» **Brief**
Below are entries; output exactly the lines from the one with "Audi Q8 50 TDI quattro S Line Audi" to the one with "FRANKFORD BRASS POLISH 32OZ", both included, and nothing else.

» **Provided records**
* * *

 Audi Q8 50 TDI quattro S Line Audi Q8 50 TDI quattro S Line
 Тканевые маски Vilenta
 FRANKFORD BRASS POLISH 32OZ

* * *

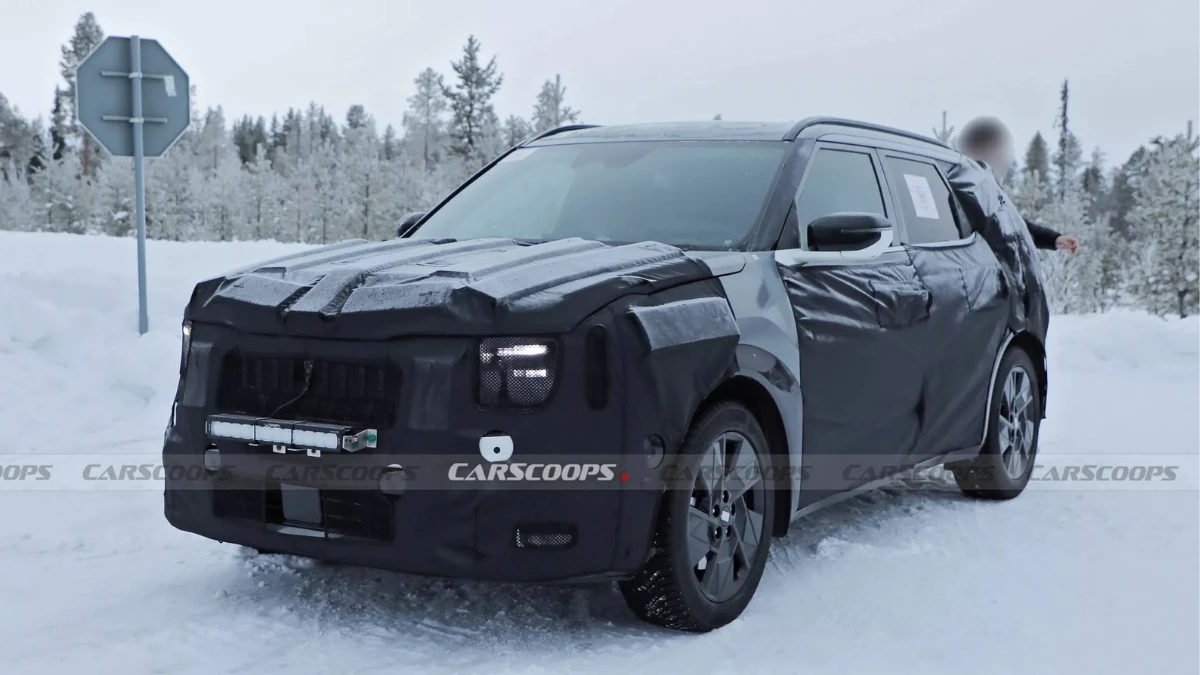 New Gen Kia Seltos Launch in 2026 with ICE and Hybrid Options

* * *

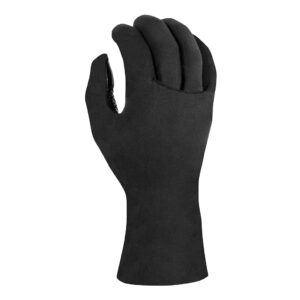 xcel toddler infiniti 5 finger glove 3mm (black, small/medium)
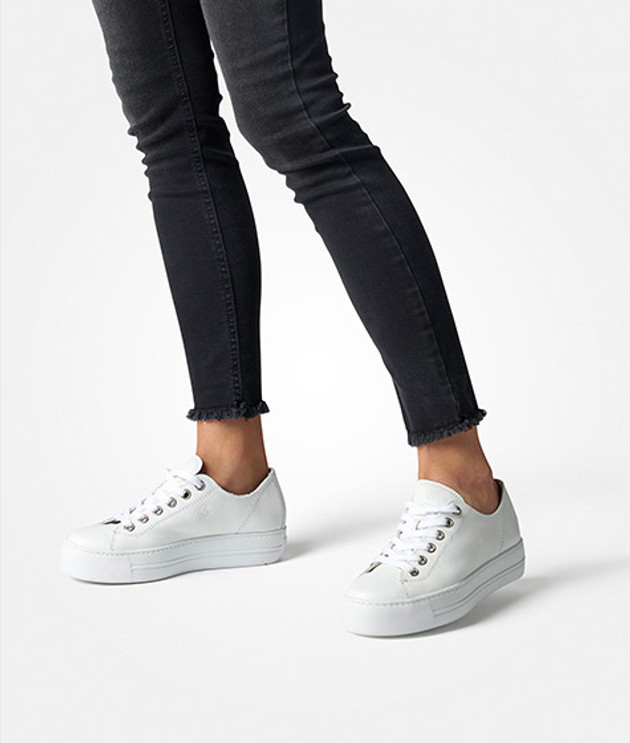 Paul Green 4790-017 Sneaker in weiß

* * *

» **Answer section**
 Audi Q8 50 TDI quattro S Line Audi Q8 50 TDI quattro S Line
 Тканевые маски Vilenta
 FRANKFORD BRASS POLISH 32OZ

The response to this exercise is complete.